Failed during dump collection cannot recover #552

JPacks · 2016-10-13T12:28:34Z

I am trying to sync mongodb replica to elasticsearch using mongo-connector. It works fine when I insert the first doc in my collection "check". But getting "Failed during dump collection cannot recover" error in mongo-connector.log during the second doc insertion. Due to this error, the second doc is getting loaded into an elasticsearch index.

The command I used is:
To start Mongo replica: sudo mongod --port 27017 --dbpath /_/__/_/** --replSet rs0
To start Mongo Connector: mongo-connector -m localhost:27017 -t localhost:9200 -d elastic_doc_manager --auto-commit-interval=0 -n a.check

Mongo-connector.log :
2016-10-13 17:27:45,381 [CRITICAL] mongo_connector.oplog_manager:630 - Exception during collection dump
Traceback (most recent call last):
File "/usr/local/lib/python2.7/dist-packages/mongo_connector/oplog_manager.py", line 583, in do_dump
upsert_all(dm)
File "/usr/local/lib/python2.7/dist-packages/mongo_connector/oplog_manager.py", line 567, in upsert_all
dm.bulk_upsert(docs_to_dump(namespace), mapped_ns, long_ts)
File "/usr/local/lib/python2.7/dist-packages/mongo_connector/util.py", line 43, in wrapped
reraise(new_type, exc_value, exc_tb)
File "/usr/local/lib/python2.7/dist-packages/mongo_connector/util.py", line 32, in wrapped
return f(_args, *_kwargs)
File "/usr/local/lib/python2.7/dist-packages/mongo_connector/doc_managers/elastic_doc_manager.py", line 214, in bulk_upsert
for ok, resp in responses:
File "/usr/local/lib/python2.7/dist-packages/elasticsearch/helpers/init.py", line 160, in streaming_bulk
for result in _process_bulk_chunk(client, bulk_actions, raise_on_exception, raise_on_error, **kwargs):
File "/usr/local/lib/python2.7/dist-packages/elasticsearch/helpers/init.py", line 89, in _process_bulk_chunk
raise e
ConnectionFailed: ConnectionTimeout caused by - ReadTimeoutError(HTTPConnectionPool(host=u'localhost', port=9200): Read timed out. (read timeout=10))
2016-10-13 17:27:45,381 [ERROR] mongo_connector.oplog_manager:638 - OplogThread: Failed during dump collection cannot recover! Collection(Database(MongoClient(host=['localhost:27017'], document_class=dict, tz_aware=False, connect=True, replicaset=u'rs0'), u'local'), u'oplog.rs')
2016-10-13 17:27:46,376 [ERROR] mongo_connector.connector:304 - MongoConnector: OplogThread <OplogThread(Thread-2, started 140648179619584)> unexpectedly stopped! Shutting down

FYI, I am using elasticsearch 2.3.1 ,mongodb 3.0.12 and mongo-connector 2.4.1

ShaneHarvey · 2016-10-13T18:18:33Z

Looks like you are hitting a ReadTimeoutError on Elastic. Try increasing the timeout using a config file such as:

{
  "mainAddress": "localhost:27017",
  "verbosity": 3,
  "namespaces": {
    "include": ["a.check"]
  },
  "docManagers": [
    {
      "docManager": "elastic_doc_manager",
      "targetURL": "localhost:9200",
      "autoCommitInterval": 0,
      "args": {
        "clientOptions": {"timeout": 30}
      }
    }
  ]
}

You also can use the continueOnError option to force mongo-connector to log and ignore errors during the collection dump.
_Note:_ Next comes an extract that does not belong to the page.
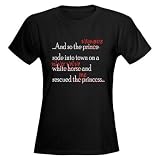Twilight- ...Vampire rode in...- Womens Dark T- Twilight Womens Dark T-Shirt by CafePress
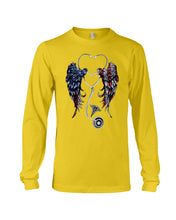 Load image into Gallery viewer, Lovely Coffee Cup Stethoscopes With Wings Gift For Nurse Unisex Long Sleeve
mumlax · 2017-01-19T12:37:44Z

I'm also running in this error suddenly, when doing a resync. It worked for a long time.

2017-01-19 12:43:52,690 [CRITICAL] mongo_connector.oplog_manager:666 - Exception during collection dump
Traceback (most recent call last):
  File "/usr/local/lib/python2.7/dist-packages/mongo_connector/oplog_manager.py", line 621, in do_dump
    upsert_all(dm)
  File "/usr/local/lib/python2.7/dist-packages/mongo_connector/oplog_manager.py", line 607, in upsert_all
    mapped_ns, long_ts)
  File "/usr/local/lib/python2.7/dist-packages/mongo_connector/util.py", line 44, in wrapped
    reraise(new_type, exc_value, exc_tb)
  File "/usr/local/lib/python2.7/dist-packages/mongo_connector/util.py", line 33, in wrapped
    return f(*args, **kwargs)
  File "/usr/local/lib/python2.7/dist-packages/mongo_connector/doc_managers/elastic2_doc_manager.py", line 367, in bulk_upsert
    for ok, resp in responses:
  File "/usr/local/lib/python2.7/dist-packages/elasticsearch/helpers/__init__.py", line 162, in streaming_bulk
    for result in _process_bulk_chunk(client, bulk_actions, raise_on_exception, raise_on_error, **kwargs):
  File "/usr/local/lib/python2.7/dist-packages/elasticsearch/helpers/__init__.py", line 91, in _process_bulk_chunk
    raise e
ConnectionFailed: ConnectionTimeout caused by - ReadTimeoutError(HTTPConnectionPool(host=u'localhost', port=9200): Read timed out. (read timeout=60))
2017-01-19 12:43:52,703 [ERROR] mongo_connector.oplog_manager:674 - OplogThread: Failed during dump collection cannot recover! Collection(Database(MongoClient(host=[u'localhost:27017'], document_class=dict, tz_aware=False, connect=True, replicaset=u'singleNodeRepl'), u'local'), u'oplog.rs')
2017-01-19 12:43:53,241 [ERROR] __main__:357 - MongoConnector: OplogThread <OplogThread(Thread-3, started 140353541756672)> unexpectedly stopped! Shutting down

I'm using mongo-connector version 2.5.0, pymongo version 3.4.0, MongoDB version 3.2.10 and elastic2_doc_manager version 0.3.0. I'm storing with this setup more than 100M documents.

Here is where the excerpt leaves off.